The close association of muscle and hypodermis throughout much of development, and the identification of hypodermal attachment structures only adjacent to muscle cells, suggests that these tissues may communicate to coordinate their development. The recruitment of a hemidesmosomal complex within the hypodermis does appear to be the result of a signal received from the underlying muscle. It has been shown that hypodermal cells organize hemidesmosomes only in regions adjacent to muscle cells and not in regions adjacent to areas where muscle cells have been experimentally removed (P. Shrimankar and R. H. Waterston, cited in Hresko et al. 1994).

A few genes have been identified which may have a role in muscle-hypodermal interactions. Mutations in some of the mup genes disturb muscle positioning as well as attachment (Hedgecock et al. 1987; Goh and Bogaert 1991; E. Gatewood and E. Bucher, pers. comm.). Another interesting group are the muscle attachment (mua) mutants described by J. Plenefisch and E. Hedgecock (pers. comm.). Body-wall muscle is initially properly placed and well organized in Mua animals, but during larval growth, muscle progressively detaches. Several complementation groups distinct from known pat, mup, or unc genes have been identified (J. Plenefisch and E. Hedgecock, pers. comm.). Alleles of unc-23 and viable (Unc) alleles of unc-52 convey phenotypes similar to this group of dystrophic mutants.

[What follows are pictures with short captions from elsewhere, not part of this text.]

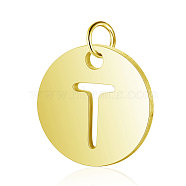 304 Stainless Steel Charms, Flat Round with Letter, Golden, Letter.T, 12x1mm, Hole: 2.5mm(STAS-S105-T514G-T)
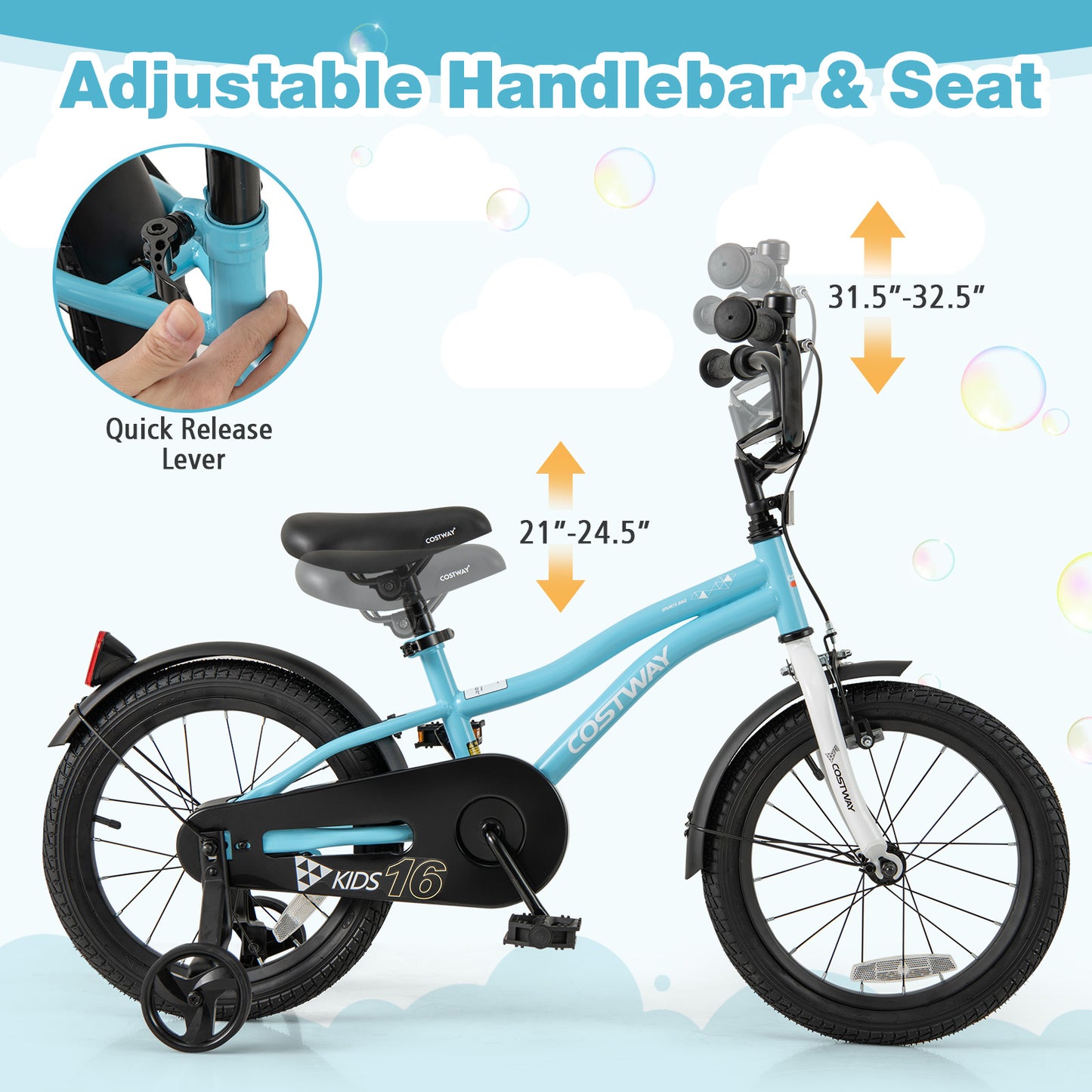 16-Inch Kids Bike for 4-7 Years Old Children Bicycle with Training Wheels Kids Crystal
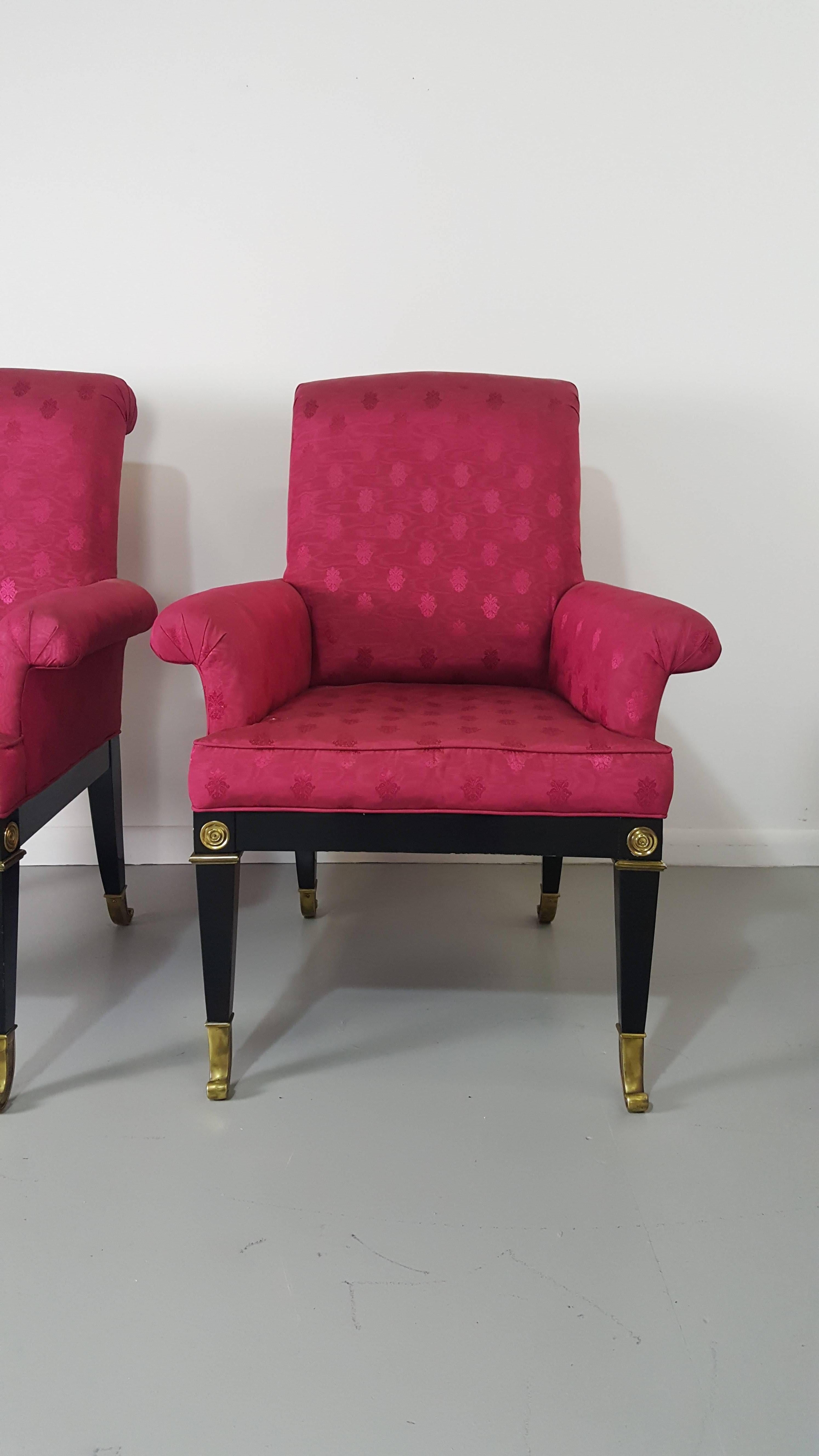 Incredible Neoclassical Lacquer and Brass Dining Chairs by Mastercraft, 1970s 1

The fibronectin-like gene identified using the monoclonal antibody MH46 (Francis and Waterston 1991; M. Hresko, pers. comm.) is an intriguing candidate for a hypodermal factor involved in muscle interactions; mutants with defects in this gene arrest at the twofold stage of elongation but are not paralyzed (M. Hresko, pers. comm.). Muscle twitching occurs, and the muscle detaches from the hypodermis when contraction begins. In these twofold-arrested animals, the hemidesmosomes are not restricted to the region adjacent to muscle, but are found throughout the dorsal and ventral hypodermis. Mutants with specific defects in the hypodermis may help dissect the structure and function of the hemidesmosomal complex in a manner similar to what has been achieved for the muscle dense body. For example, it will be interesting to see if this structure has components common to mammalian hemidesmosomes, in particular an α6-β4 integrin complex (for review, see Garrod 1993). Beyond merely dissecting the attachment complexes of muscle and hypodermis, we will need to resolve how these two tissues coordinate and facilitate their behavior during morphogenesis if we are to understand how a fully functional muscle quadrant is established.